Только в холодный сезон торговля не прекращается в середине дня, а в остальные месяцы почти все городские магазины прерывают работу на два-три часа, как, впрочем, и многие конторы или ремесленные мастерские. Люди отдыхают, они просто не в состоянии работать в такую жару. К четырем часам дня жизнь снова возрождается и кипит уже до ночи, а в больших городах и всю ночь напролет.

Трудно поверить, что в знойный сезон можно работать под открытым небом, но это так. И не подберешь слов, чтобы описать, какой это ад, но в этом аду дни напролет работают миллионы крестьян и дорожных и строительных рабочих Индии.

Ночь, только ночь приносит облегчение в жаркий сезон. Не прохладу, но всего лишь некоторое облегчение, потому что на ночь скрывается жгучее светило, хоть температура воздуха и не опускается ниже 36 градусов по Цельсию.
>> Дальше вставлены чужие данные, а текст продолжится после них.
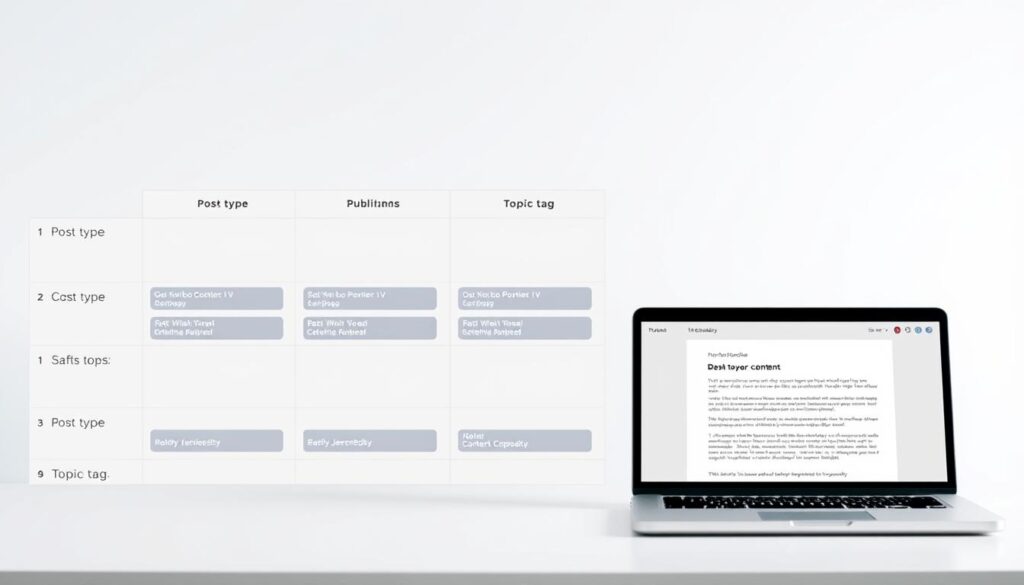 substack content schedule example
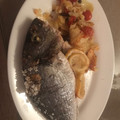 El cooksnap de jose cuando hizo Dorada al limón con patatas al horno.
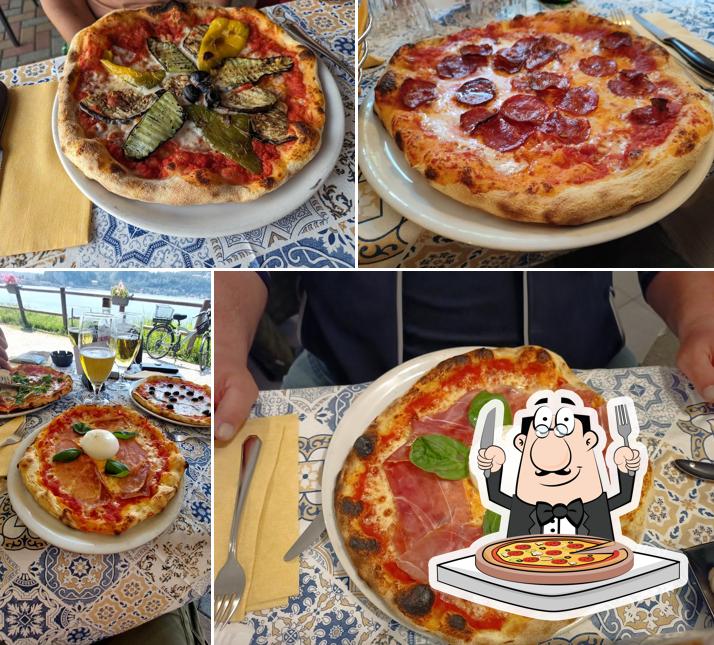 A Pizzeria Damino, puoi assaggiare una bella pizza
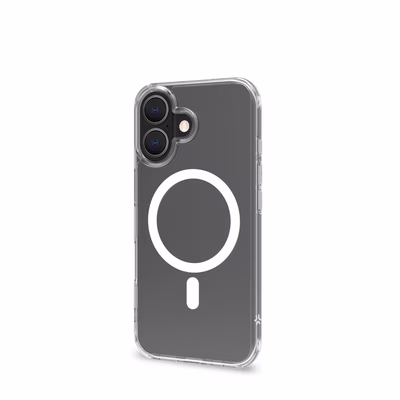 Immagine di Cover tpu + policarbonato Trasparente CELLY GELSKINMAG - Apple iPhone 16 iPhone 16 CASES GELSKINMAG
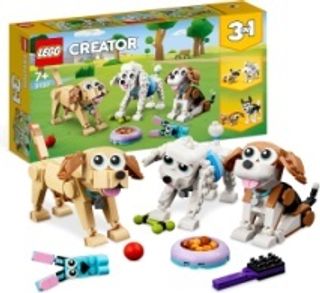 LEGO Creator 3-en-1 Adorables Chiens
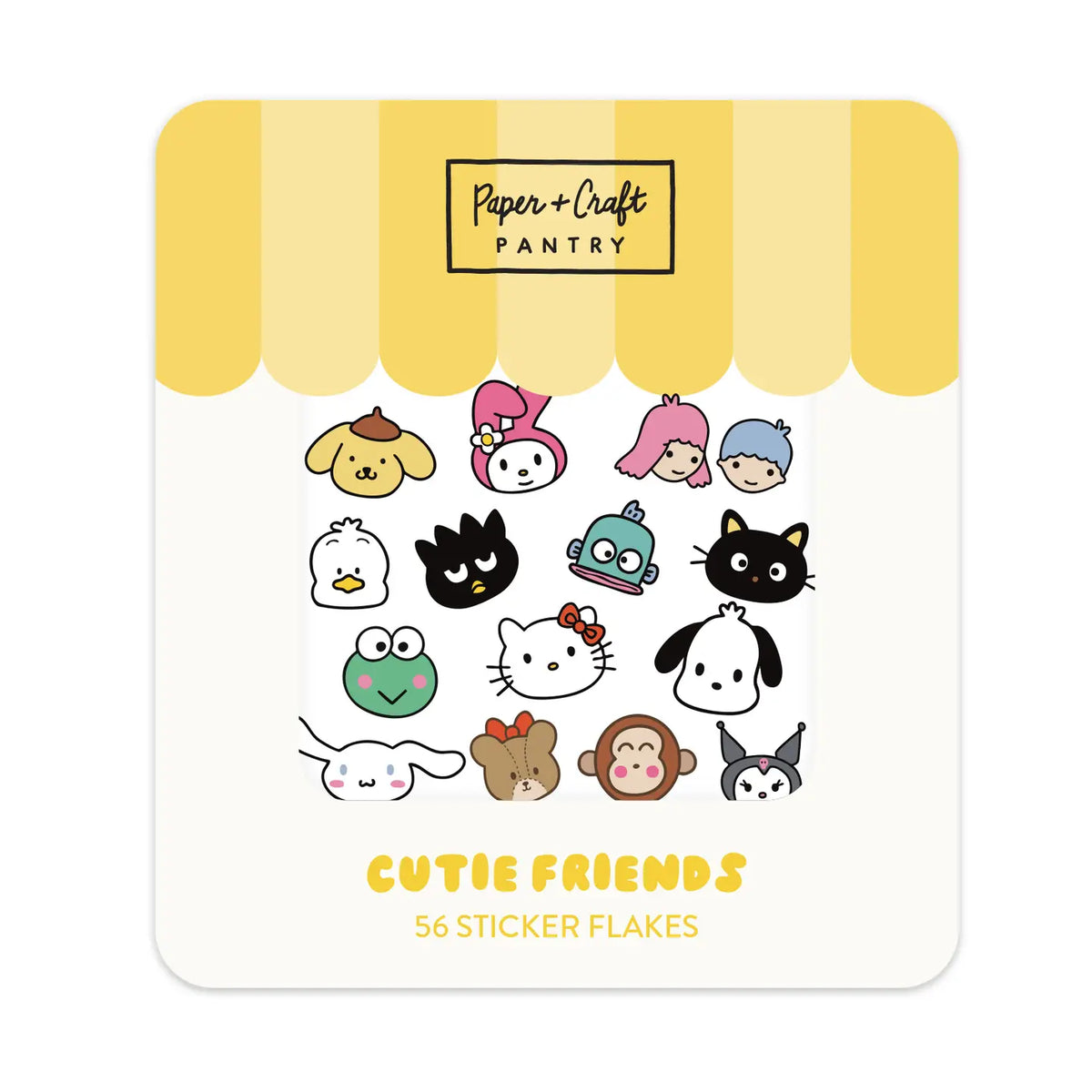 Cutie Friends Sticker Flakes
Сезон, который в Индии принято называть холодным, начинается в ноябре; температура воздуха в тени в этот месяц опускается до плюс 20 градусов по Цельсию. В декабре и январе уже хочется днем посидеть на солнце, а вечером и ночью бывает до плюс 5 градусов.

Закат в Индии недолог, но прекрасен. Поскольку облака бывают только во время муссонов, то остальные восемь и даже девять месяцев в году краски зари играют в ясном, безоблачном небе. Оно все целиком переливается разными цветами поочередно, и они проплывают по его своду от горизонта до горизонта, меняясь неуловимо и восхитительно. И кончается все это тем, что небо превращается в прозрачный сияющий купол из розоватого золота, а потом это золото начинает меркнуть, терять блеск и быстро тает во тьме, которая обрушивается сверху на землю с невероятной быстротой. И мрак, густой и всепроникающий, заполняет собою все.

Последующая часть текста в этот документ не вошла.